Once upon a time, 67-year-old Mike Moses came across a little bit of history that he tucked in his pocket like a smooth stone, thinking that he could take it out and rub it between his fingers when he was in a funk and it would wisk him to a soothing, less complicated time. He also bought a somewhat rare dab of automotive history.
Remember 1980? Though the OE performance picture was bleak, its landscape cratered and distraught, at least that heinous disco thump was writhing in agony and going down in flames. But the first Arab oil embargo had gotten our attention right quick. Worse perhaps, the almighty engines of record were long dead and those that had survived were not much more than gurgling eunuchs.

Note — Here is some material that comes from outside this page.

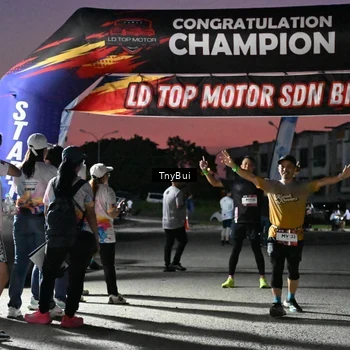 Runner Photo 7696400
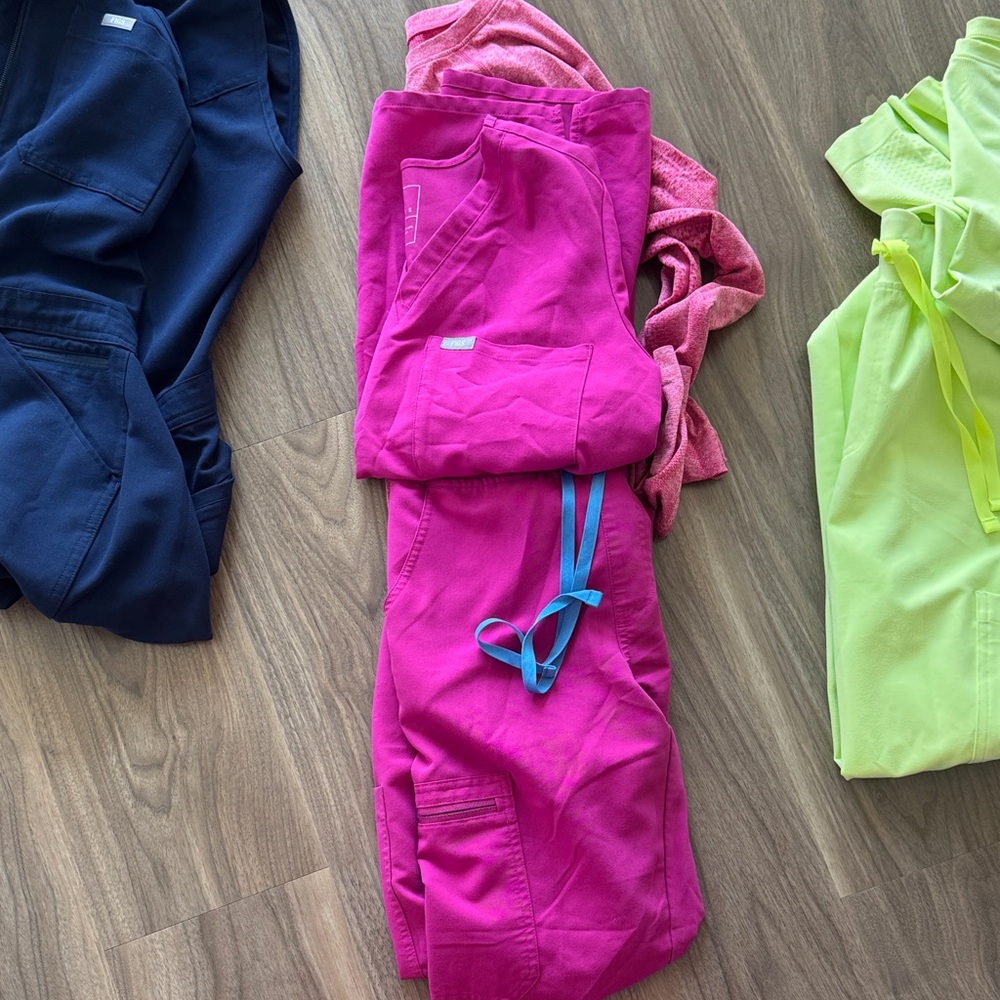 Pink Scrub Set with Blue Drawstring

During extended periods of want, the freelance thinkers create out of sheer necessity. They begin to offer what the store-bought goods can do no longer. The thinkers looked at every aspect of the cars that Detroit had produced with the “this is it; take it or leave it” attitude because that’s the way it had always been done. A lot of the factory notions had been disproved by individuals in their home garages.
Bill Mitchell was one of those thinkers. This is not the head of GM Design Bill Mitchell, nor is it the bearded Bill Mitchell of Hardcore fame. This Bill Mitchell is a former GM employee who served an eight-year stretch with Oldsmobile as a project engineer and as a member of a racing team that fielded bumptious technical compilations—the most interesting being an all-wheel drive chassis that was powered by twin-turbo all-aluminum Olds motor and backed by an automatic transmission. In thirteen years of SCCA competition, Mitchell won nine divisional titles.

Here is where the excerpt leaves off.